Some might be low in price because they are low in quality, or they do not have the features other models might have. There is also no dealer overhead costs, like an experienced staff and sales people. All they have to do is stick it on the shelf and it sells itself.

Who is going to service it when you need warranty work?
Who do you talk to if you have installation questions or problems?

Vent free fireplaces are also not legal in this state, but they do have some sort of fireplaces at Home Depot, I do not pay attention to them.

Why did you even bring that up anyway?


----------



## k0wtz (Jan 10, 2011)

let me tell you i have a unvented gas heater and im getting rid of it.  a continual odor in the house, plus extra humidity and when i wash the widows there is a black film on them and the cloth after washing just think we are  breathing whatever that is i purchased it and didnt know better.

i have since found a vermont castings vented gas heater and am waiting for warm weather to install it as i have to go up through the roof with a vent.  the experts are trying to tell you something for free here and experience counts for a lot.

bob


----------



## gsspike (Jan 10, 2011)

No this isn't a fireplace I'm talking about, it's just a logset on a ceramic heater and controls that you slide into an existing wood fireplace. 

I was bringing it because it's almost the same thing I want to do but more dangerous as far as I'm concerned.
No two hand built stone or masonry fire places are built exactly alike.  They have a code to meet and that's it.  At least my stove is built to a much closer standard, especially between the NG and LPG models.

Service well I guess I've been lucky.  I have never needed service.  I clean it up every fall and maybe again in Jan or Feb.


----------



## fueldude (Jan 11, 2011)

As a hearth dealer that also runs a propane company, there is not a single propane company in the country that would service, let alone, install gas to a vent-free stove that has been covnerted. Not only is it against the mfg's rules, UL doesn't permit it, and it's illegal in many states. The combustion is different between the gases, and along with the regulators, pilots, orifces, burner, valve, etc... are entirely different for LP versus Natural. 
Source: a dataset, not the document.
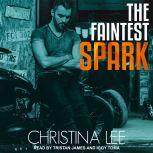 The Faintest Spark, Christina Lee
I've run into our local Natural Gas company converting LP VF appliances to Natural and our state's PSC doesn't approve either. 
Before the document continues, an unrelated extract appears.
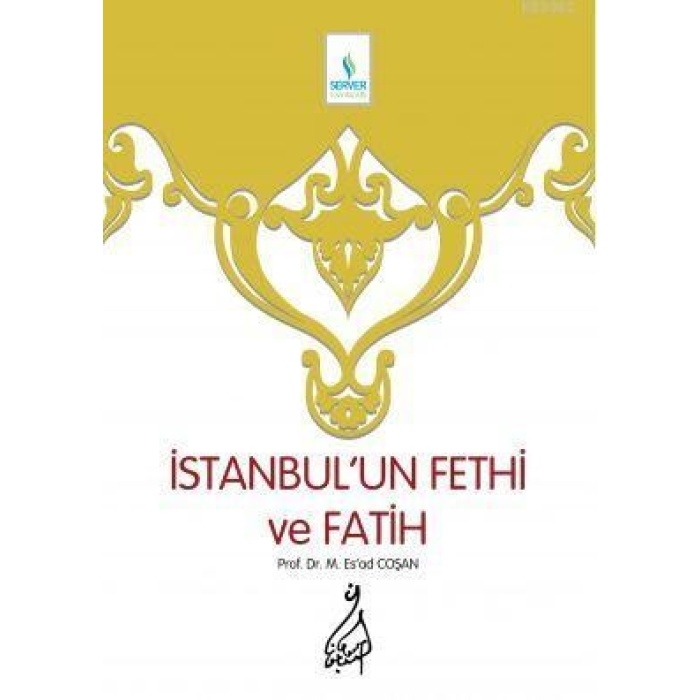 İstanbulun Fethi ve Fatih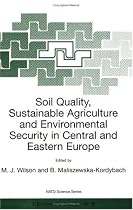 Soil Quality, Sustainable Agriculture and Environmental Security in Central and Eastern Europe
They come fuel specific for a reason...


----------



## gsspike (Jan 11, 2011)

I guess your state is a lot tougher than mine or we are both talking about 2 different things.
Most gas appliances in my state can be converted by flipping over a valve or some similar steps.  Are you living in the USA or did I join the wrong forum.


----------



## fueldude (Jan 11, 2011)

Vented units  such as heating stoves, furnaces, etc...are no problem (we also shy away from vented gas logs, as we've found they are generally fuel specific as well). Change the orfices, and valve spring (sometimes entire valve) and you're good to go. Vent-Free is a totally different animal.

And yes, I'm in the US.


----------



## gsspike (Jan 11, 2011)

Your wrong on that 3 years ago we got our son and daughter in law a
 $400 vent free gas stove from Home Depot.  It was NG/LPG stove 
set up for NG but converted to LPG flipping some lever or something.


----------



## fueldude (Jan 11, 2011)

It isn't being converted. It is a dual-fuel vent-free appliance. The valve has two outlets. Yes, you are correct, in that you turn a handle-- that changes the spring pressure and send the gas through the proper outlet. However, if you'll look, there are also two pilot assemblies. 

It was designed and rated as a dual-fuel vent-free appliance and it will have some common parts, but it will also have 2 of a few things. 
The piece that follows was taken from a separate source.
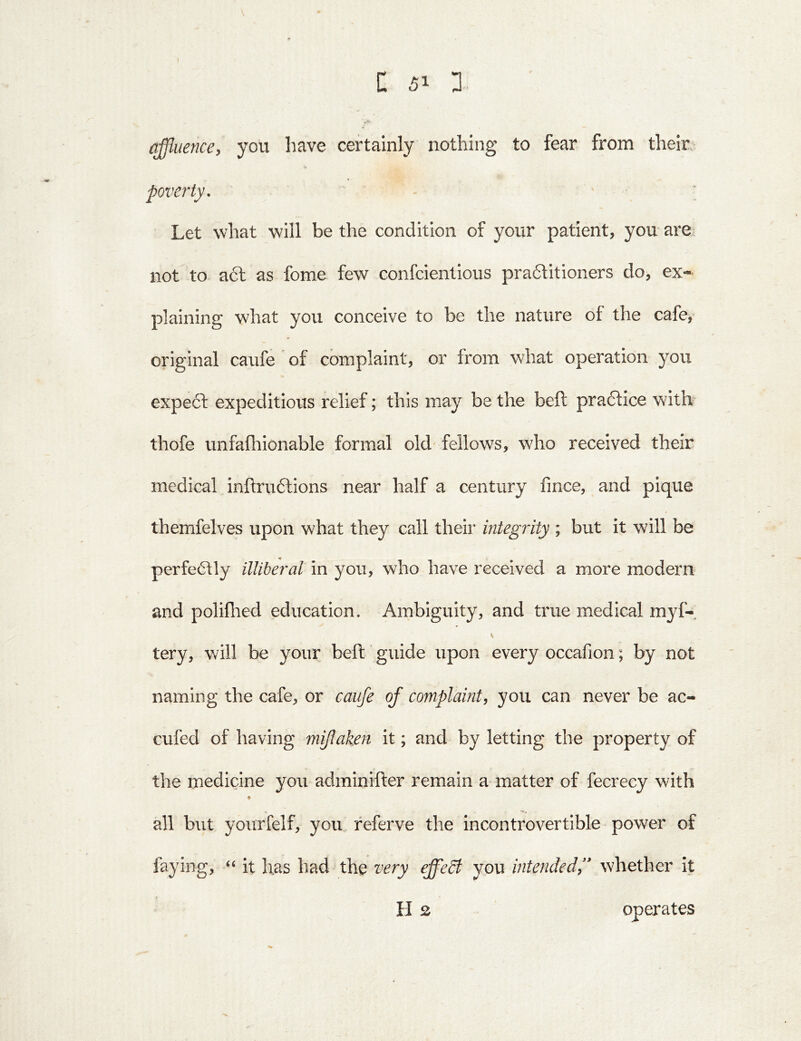 affluence, you have certainly nothing to fear from their. poverty. - ' ; Let what will be the condition of your patient, you are: not to a6l as fome few confcientious praftitioners do, ex- plaining what you conceive to be the nature of the cafe, original caufe ’ of complaint, or from what operation you expe61: expeditious relief; this may be the beft pradbce with thofe unfafhionable formal old' fellows, who received their medical inftruftions near half a century fince, and pique themfelves upon what they call their integrity ; but it will be perfe6\ly illiberal in you, who have received a more modern and poliflied education. Ambiguity, and true medical myf- tery, will be your beft guide upon every occafion; by not naming the cafe, or caufe of complaint, you can never be ac- cufed of having mijlaken it; and by letting the property of the medicine you adminifter remain a matter of fecrecy with all but yourfelf, you referve the incontrovertible power of faying, ‘‘ it has had the very effedt you intendedf whether it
A tried and true original vent-free appliance with one valve, one regulator, and one pilot assembly can't be converted.


----------



## gsspike (Jan 11, 2011)

I don't think any one is trying to hear me out.  Yes I heard you "I'm going to pass out and blow my self up and burn to ashes".  I know not funny.

Follow this.  At the VC factory 10 years ago the Stardance 30k btu gas stove assembly line.  100 stoves a day go through the line.  Every stove is exactly Identical down to the smallest screw.  The only difference is at the very last step the robot drops a NG setup in one box and a LPG setup in the other.  That is the only difference.
That hole assembly is held in by 2 screws and it lifts right out.  I know this because the stove came disassembled new.  Are you understanding my point?  
Some one hear already pointed out that the only difference part was the firebox.  Which is what I want to change.


----------



## North of 60 (Jan 11, 2011)

gsspike said:
			
		

> I don't think any one is trying to hear me out. Yes I heard you "I'm going to pass out and blow my self up and burn to ashes". I know not funny.
> 
> Follow this. At the VC factory 10 years ago the Stardance 30k btu gas stove assembly line. 100 stoves a day go through the line. Every stove is exactly Identical down to the smallest screw. The only difference is at the very last step the robot drops a NG setup in one box and a LPG setup in the other. That is the only difference.
> That hole assembly is held in by 2 screws and it lifts right out. I know this because the stove came disassembled new. Are you understanding my point?
> Some one hear already pointed out that the only difference part was the firebox. Which is what I want to change.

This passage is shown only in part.